Photo: Sophia Mirabal


“I think about like, two years ago, I realized that every single frat that I was stepping into with my friends had such, like, badly mixed music,” starts Fay Shuai (C ‘25), or FAYZE, who closes out the night. “It was just the same repeat of, like, bad EDM remixes and, like, really overplayed, like, Y2K songs.” The DJ broke into the scene only recently, but her musical ties go back to early childhood, where she received classical training that she says, definitely hasn’t hurt her when it comes to building musical instinct. Although it was FAYZE’s first ever major gig, the energy her set brought to the floor was electric, replete with a combo of Brazilian funk street music and Amapiano remixes. The music embodied her personality—humorous and unblushing. FAYZE took her job as being that of an entertainer in the broadest sense, enthralling the crowd with her music and bookending her set with Spongebob audio clips, beginning with the famous “are you ready kids?” of the cartoon’s intro and closing with a Jersey Club Spongebob remix.

"Even though not everyone might be an expert on music theory, everyone has a pretty good ear, I think, and they can tell when something sounds good together; when two songs pair well together and when they don’t,” FAYZE says. The crowd, composed of students from Penn, Villanova, and other universities from across the Philadelphia area, displayed that intelligence throughout the show, cheering harder at each clever transition and laughing appreciatively at melodramatic callbacks. Sometimes, in the shallow light of the discotheque, it's more about the sound than the song. 

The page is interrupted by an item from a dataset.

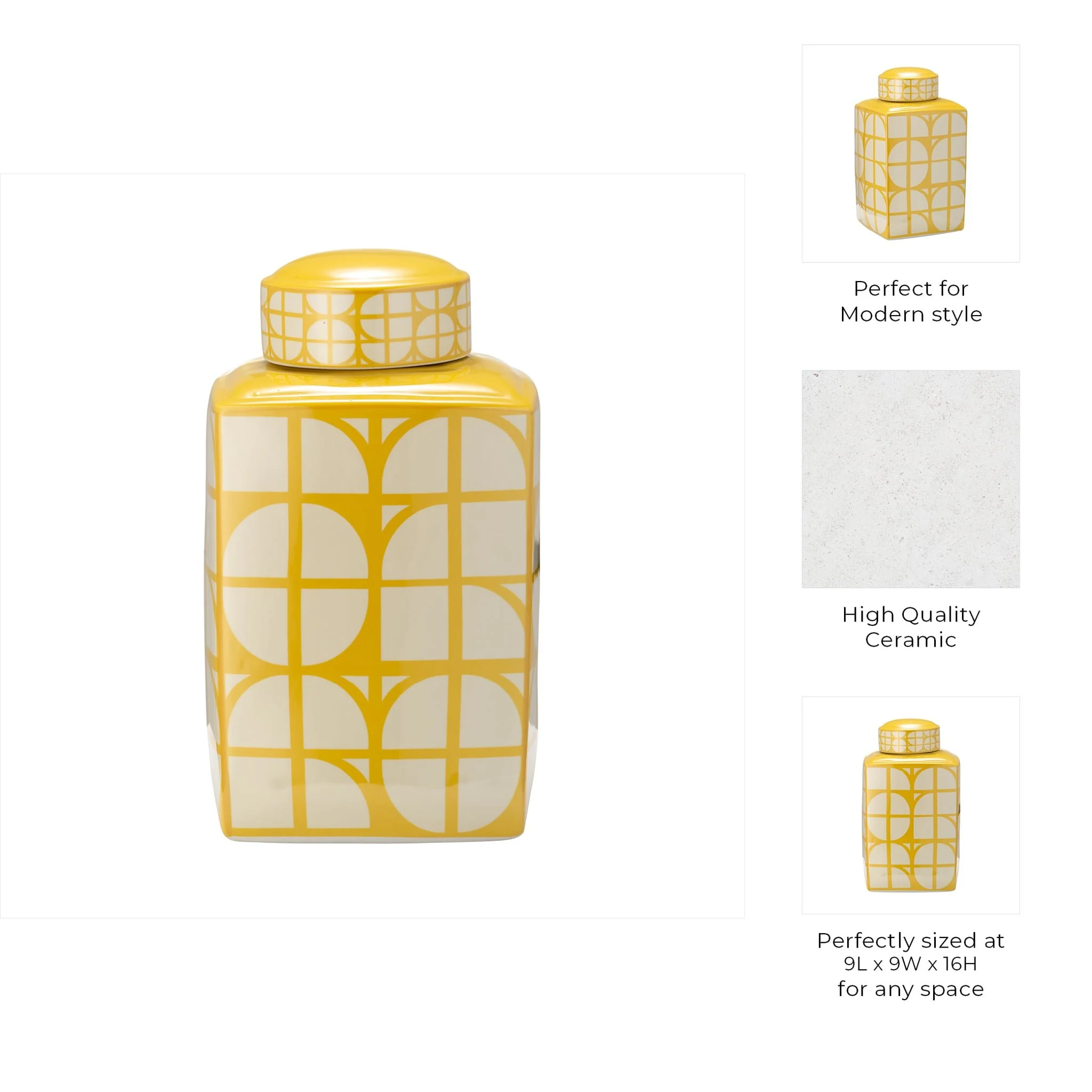 Cer, 16"h Square Jar W/ Lid, Yellow/cotton - Image 7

Though it would have been easy for each DJ’s set, with their unique musical talents and stage presence, to feel discrete and self–contained, it was exactly this respect and response to the audience that made sets to blend together while also allowing each DJ to maintain their own artistic identity—both a mix of people and genre. Caleb remarks that one of the core talents a DJ must cultivate is thinking of one’s set not as a series of tracks, but a holistic work of art—it is here that the vision of the DJ arises. By taking us on a wild journey through genre, Madness and Badness made it clear—in DJing, as in life, the whole is often greater than the sum of its parts.